Another initiative relates to academic assistance. In 2008, about 65 per cent of SCs entering higher education had a Hindi/regional language background, compared to 43 per cent of higher caste students; 52 per cent of SCs came from a rural background when compared to 34 per cent of higher castes. Obviously, SC students need more support in language improvement and core subjects. Remedial coaching schemes are in place, but a majority of institutions lack the will to implement them in full. They need to be modelled on the pattern of the Jawaharlal Nehru University’s “personalised Academic Support System”, which has yielded good results.
The last suggestion is the provision to give representation to Dalit students and teachers on all bodies of the university and enable them to participate in governance. Effective participation by Dalits in governance is a much better safeguard against the policies and rules detrimental to their interest.

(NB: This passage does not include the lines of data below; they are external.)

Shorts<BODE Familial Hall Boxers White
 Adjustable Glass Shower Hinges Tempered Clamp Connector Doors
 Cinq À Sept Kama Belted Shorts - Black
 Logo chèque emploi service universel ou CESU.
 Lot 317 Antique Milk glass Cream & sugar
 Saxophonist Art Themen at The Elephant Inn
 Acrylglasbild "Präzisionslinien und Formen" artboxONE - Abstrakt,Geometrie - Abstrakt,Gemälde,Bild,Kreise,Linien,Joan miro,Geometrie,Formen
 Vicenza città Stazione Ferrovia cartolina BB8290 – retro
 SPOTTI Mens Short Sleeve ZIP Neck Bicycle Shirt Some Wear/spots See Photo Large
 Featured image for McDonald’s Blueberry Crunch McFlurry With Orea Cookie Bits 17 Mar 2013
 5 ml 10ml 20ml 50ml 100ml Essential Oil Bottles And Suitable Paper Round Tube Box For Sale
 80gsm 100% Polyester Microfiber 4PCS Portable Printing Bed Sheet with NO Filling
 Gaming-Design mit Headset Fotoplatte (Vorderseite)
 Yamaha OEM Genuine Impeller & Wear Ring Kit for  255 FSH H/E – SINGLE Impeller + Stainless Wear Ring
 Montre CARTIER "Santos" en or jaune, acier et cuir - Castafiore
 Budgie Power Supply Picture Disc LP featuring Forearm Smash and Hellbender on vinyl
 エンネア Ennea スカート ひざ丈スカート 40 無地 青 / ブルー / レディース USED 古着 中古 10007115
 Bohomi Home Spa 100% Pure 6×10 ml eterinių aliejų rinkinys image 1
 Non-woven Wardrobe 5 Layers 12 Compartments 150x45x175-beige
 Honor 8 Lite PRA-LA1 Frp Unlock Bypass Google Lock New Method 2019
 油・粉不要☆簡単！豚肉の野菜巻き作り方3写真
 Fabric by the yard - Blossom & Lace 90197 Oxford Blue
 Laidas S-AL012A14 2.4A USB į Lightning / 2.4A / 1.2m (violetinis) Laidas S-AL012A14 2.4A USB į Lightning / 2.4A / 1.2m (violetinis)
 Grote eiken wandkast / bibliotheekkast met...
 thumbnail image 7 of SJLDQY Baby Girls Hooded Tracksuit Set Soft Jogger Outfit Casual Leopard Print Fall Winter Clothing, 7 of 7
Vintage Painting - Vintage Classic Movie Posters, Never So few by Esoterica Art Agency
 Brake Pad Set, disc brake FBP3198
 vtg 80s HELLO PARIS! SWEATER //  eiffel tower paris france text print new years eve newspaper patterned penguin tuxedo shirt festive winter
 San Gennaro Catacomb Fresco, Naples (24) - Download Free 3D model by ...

The government can make a beginning by sending out a strong message by removing two symbols of inequality and exclusion. One is a fresco on the wall of the waiting room of the Prime Minister’s Office (PMO), by a painter from Maharashtra in 1924, depicting the caste system. On the 125th birth anniversary of B.R. Ambedkar, the PMO should do something to replace it. The government must also shift the statue of Manu in front of the Rajasthan High Court to a museum. The fresco and the statue can hardly be presented as symbols of equality, fraternity, justice and democracy.
(Sukhadeo Thorat is Professor Emeritus, Jawaharlal Nehru University, and Chairman, Indian Council of Social Science Research.)